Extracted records
━━━━━━━━━━━━━━━━━━━━━━━━━━━━━━

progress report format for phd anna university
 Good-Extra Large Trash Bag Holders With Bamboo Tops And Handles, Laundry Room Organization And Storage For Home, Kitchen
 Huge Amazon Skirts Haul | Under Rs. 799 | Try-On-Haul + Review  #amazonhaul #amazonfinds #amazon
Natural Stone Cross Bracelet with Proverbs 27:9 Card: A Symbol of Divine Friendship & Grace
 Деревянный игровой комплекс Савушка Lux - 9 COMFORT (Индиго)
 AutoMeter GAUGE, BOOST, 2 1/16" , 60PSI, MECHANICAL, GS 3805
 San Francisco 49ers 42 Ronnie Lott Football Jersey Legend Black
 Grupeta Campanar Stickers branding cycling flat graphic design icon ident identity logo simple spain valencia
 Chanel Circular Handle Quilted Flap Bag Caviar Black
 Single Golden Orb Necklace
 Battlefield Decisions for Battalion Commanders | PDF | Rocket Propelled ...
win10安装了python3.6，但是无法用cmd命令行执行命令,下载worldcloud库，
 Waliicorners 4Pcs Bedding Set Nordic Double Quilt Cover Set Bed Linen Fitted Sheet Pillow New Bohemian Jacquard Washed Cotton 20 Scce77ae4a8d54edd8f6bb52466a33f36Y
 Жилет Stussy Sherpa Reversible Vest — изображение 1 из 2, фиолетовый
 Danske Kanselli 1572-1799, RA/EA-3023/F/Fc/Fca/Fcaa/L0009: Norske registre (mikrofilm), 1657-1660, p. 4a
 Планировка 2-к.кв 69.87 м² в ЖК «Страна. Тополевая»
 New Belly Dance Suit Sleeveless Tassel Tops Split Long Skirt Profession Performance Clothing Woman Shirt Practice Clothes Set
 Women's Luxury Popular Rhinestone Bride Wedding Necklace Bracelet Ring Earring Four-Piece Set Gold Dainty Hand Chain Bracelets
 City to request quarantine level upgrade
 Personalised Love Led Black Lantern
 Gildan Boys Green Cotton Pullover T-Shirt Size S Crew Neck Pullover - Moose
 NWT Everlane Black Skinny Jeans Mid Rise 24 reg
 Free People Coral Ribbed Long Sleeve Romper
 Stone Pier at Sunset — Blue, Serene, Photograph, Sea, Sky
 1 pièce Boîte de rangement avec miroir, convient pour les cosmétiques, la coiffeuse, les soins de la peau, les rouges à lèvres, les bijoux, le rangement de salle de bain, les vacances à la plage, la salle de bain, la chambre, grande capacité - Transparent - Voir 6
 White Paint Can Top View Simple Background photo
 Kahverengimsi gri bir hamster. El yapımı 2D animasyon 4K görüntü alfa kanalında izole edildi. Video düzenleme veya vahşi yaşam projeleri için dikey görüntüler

━━━━━━━━━━━━━━━━━━━━━━━━━━━━━━

What the task asks
The stretch of entries above that starts with the line containing "Gildan Boys Green" and goes on through the line containing "Stone Pier at" is to be transcribed exactly, and no other line is to be transcribed.

Solved problem
 Gildan Boys Green Cotton Pullover T-Shirt Size S Crew Neck Pullover - Moose
 NWT Everlane Black Skinny Jeans Mid Rise 24 reg
 Free People Coral Ribbed Long Sleeve Romper
 Stone Pier at Sunset — Blue, Serene, Photograph, Sea, Sky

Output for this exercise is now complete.